Seeing as Venezuela’s thrust into the international spotlight came about from protests launched on the South American nation’s National Youth Day, it seemed only appropriate to get ground floor insight from a member of the youth opposition.
Introducing Mr. Andres Villegas, National Youth Coordinator with Alianza del Lápiz.
Calling it an “opposition political organization,” Villegas says their main objective is to promote the idea of education as the answer to the thousands of problems that face Venezuela. Their motto, “Education is the Solution,” plays off that fundamental principle.
Villegas tells me via email that the organization is focused on the social problems faced in some of Venezuela’s most troublesome neighborhoods. It is a well-reported fact that Venezuela is one of if not the most dangerous country in the world with one murder occurring every 21 minutes.
Due to the prevalence of crime, the government stopped producing data 10 years ago. But high-profile murders, such as that of Venezuela’s beauty who was fatally shot after her car broke down on a Venezuelan highway, reflect for international audiences the dangerous reality of life in Venezuela.

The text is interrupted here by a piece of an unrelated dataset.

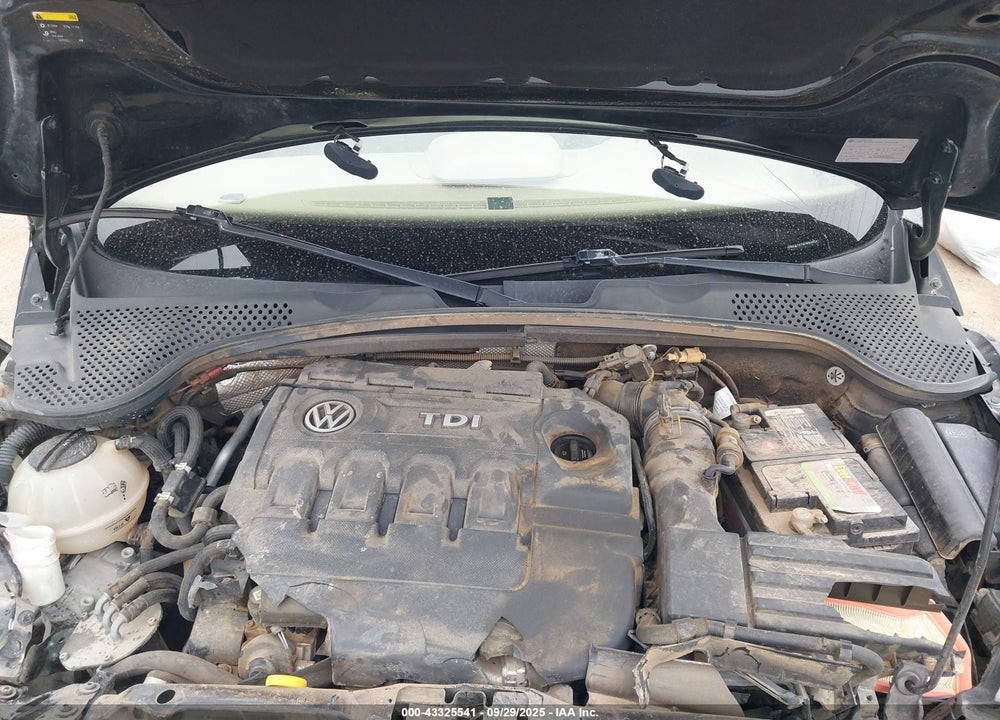 2015 VOLKSWAGEN BEETLE VIN: 3VW5A7ATXFM809061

Student protests have reportedly been aimed toward general discontent with the nation’s social situation, contrary to the Chavistas contentions that the protests are being run by the wealthy minority. Villegas’ description of his organization’s hallmark project “Homes of the Pencil” also runs contrary to Chavista characterizations. The program offers vocational courses, free to Venezuela’s lower-class population — hardly the makings of sinister intentions.

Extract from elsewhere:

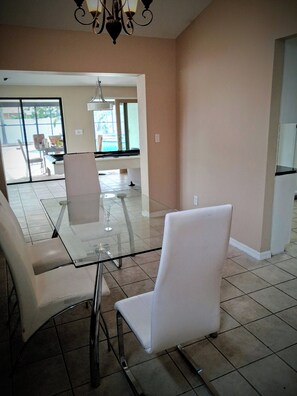 Interior - Spacious 4-bedroom home with pool table, pool,and 15 min from everything Tampa (Riverview)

At the same time, Villegas is very much aware of the political, economic, and social crisis facing his nation. “We are on the threshold of ‘Cubanization,’ which is nothing more than the imposition of communism in our society,” he explains.

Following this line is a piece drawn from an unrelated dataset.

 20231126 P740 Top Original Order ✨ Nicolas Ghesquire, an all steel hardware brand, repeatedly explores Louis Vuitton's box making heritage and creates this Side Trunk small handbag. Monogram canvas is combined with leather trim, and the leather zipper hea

Protest chants on the streets captured by VICE News capture the fear of Castro ideology making its way into Venezuela.
“We don’t feel like having a dictatorship like the Cuban one,” goes one slogan during a Caracas protest.
Villegas says the threat of “Cubanization” has forced Venezuelan student youth onto the streets. But he stresses that these students are acting “spontaneously and without receiving any political leadership.” Venezuelan quality of life has eroded, he continues, and young people are most affected by unemployment, insecurity, and food shortages. Needless to say, they have had enough.
As protests have intensified, national media outlets have poured into Venezuela to cover the movement. For this, Villegas is grateful. Yet he believes it has also forced the ruling Maduro regime to impose a black out on Internet access and social media in parts of the country, keeping a large portion of the population uninformed.
Despite no signs of relenting from the Maduro regime, Villegas says the Venezuelan youth will continue to display their “tireless fighting spirit” in the streets of Caracas. They have faced assassinations, unjust imprisonment and torture, he says. But that will not stop them from continuing in the streets, every day, trying to bring on new supporters amongst Venezuelans he says have been termed as “indifferent” to the cause.
“Students have expressed their intention to continue in the streets, protesting and demanding immediate improvements in the national political landscape.”